Écorcher la voix pour libérer le karaoké : la genèse de l’opération

On ne va pas se mentir : le karaoké, ça évoque souvent des après-midis foireux chez Tata ou des soirées déglinguées post-couvre-feu. Mais dans le monde du métal, chaque riff mérite d’être gueulé sans la voix originelle pour laisser place à la hargne personnelle. Supprimer la voix d’une chanson, ce n’est pas qu’un truc pour encourageurs du dimanche : c’est un vrai job de chirurgien du son. Entre manipulation logicielle et extermination chirurgicale des fréquences, virer la voix d’un morceau pour fabriquer son MP3 karaoké est un art sombre. Et comme le blast beat n’a plus de secrets pour un batteur enragé, ici on dissèque tout le process, avec la rage de ceux qui ne supportent plus de rester dans le public.

Pourquoi c’est un défi ? Anatomie (déjantée) d’un MP3 stéréo

Avant de se jeter sur les boutons comme un possédé sur sa Jackson, il faut piger un truc essentiel : la structure d’un fichier audio commercial. Dans 99% des cas, le mixage est en stéréo, avec une voix principale plantée en plein centre du paysage stéréo (par défaut, pan à 0), et les instruments éparpillés de part et d’autre.

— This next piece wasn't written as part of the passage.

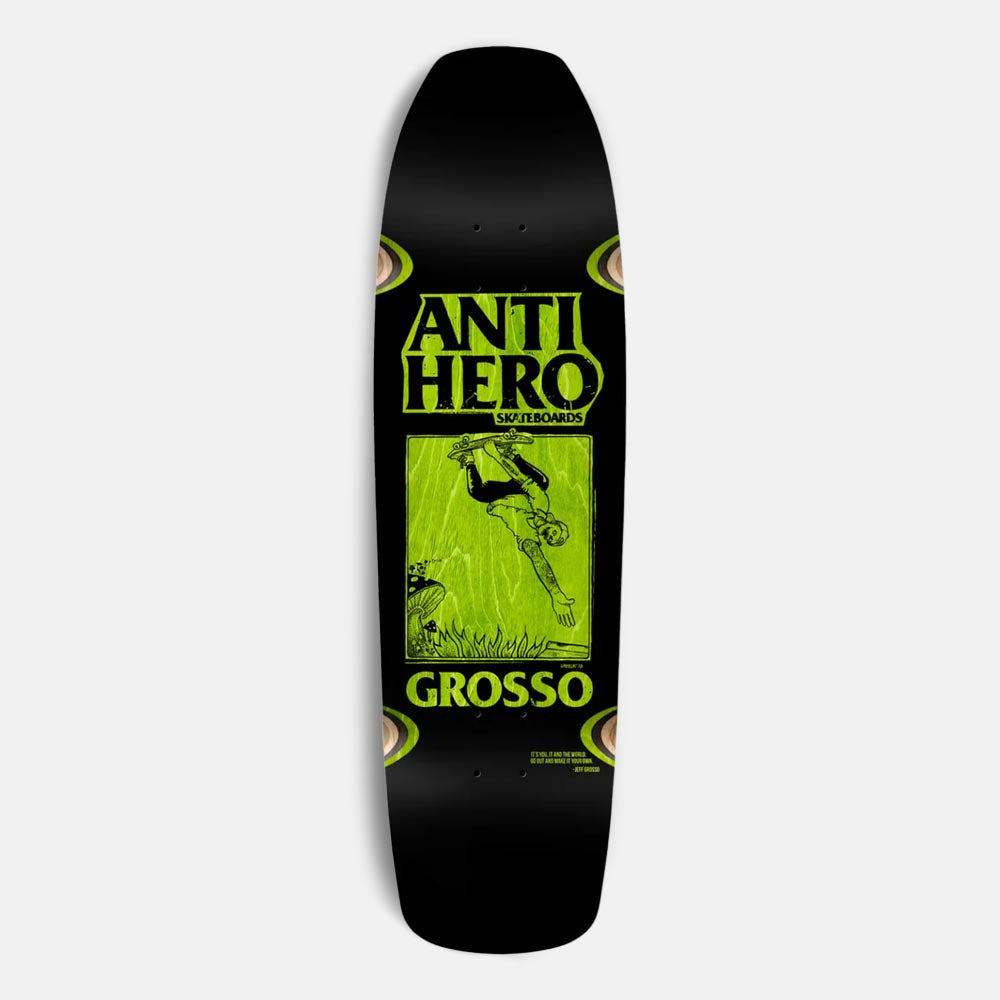 Anti Hero Skateboards - 9.25" Grosso Hand Plant Skate Shop Day (SSD) Skateboard Deck - Black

Sauf que retirer la voix, ce n’est pas comme enlever le cucul d’un gâteau : on ne retire pas juste une couche et hop, miracle. La voix partage son espace avec d’autres instruments, laisse traîner des reverb’ et des échos, se marie parfois au chœur… Bref, c’est la guerre.

  • La voix centrale : la cible, généralement placée sur le canal gauche + canal droit à parts égales.
  • Le reste : guitares, batterie, basse, effets, souvent dispatchés à gauche, à droite ou en stéréo large.
  • Les overdubs et FX : effet d’espace déjà mortel, mais qui complique le matraquage de la voix seule.

La techno sous la hache : les techniques pour supprimer une voix

1. La soustraction de phase : quand la science rencontre le headbang

La méthode historique. À l’ancienne, on balance le **canal droit** à l’envers du **canal gauche** (inversion de phase). Quand tout se passe comme sur le solo de "Master of Puppets", les fréquences identiques (genre la voix, brûlée en mono au centre) s’annulent. Sur un titre à l’ancienne, ça peut vraiment le faire.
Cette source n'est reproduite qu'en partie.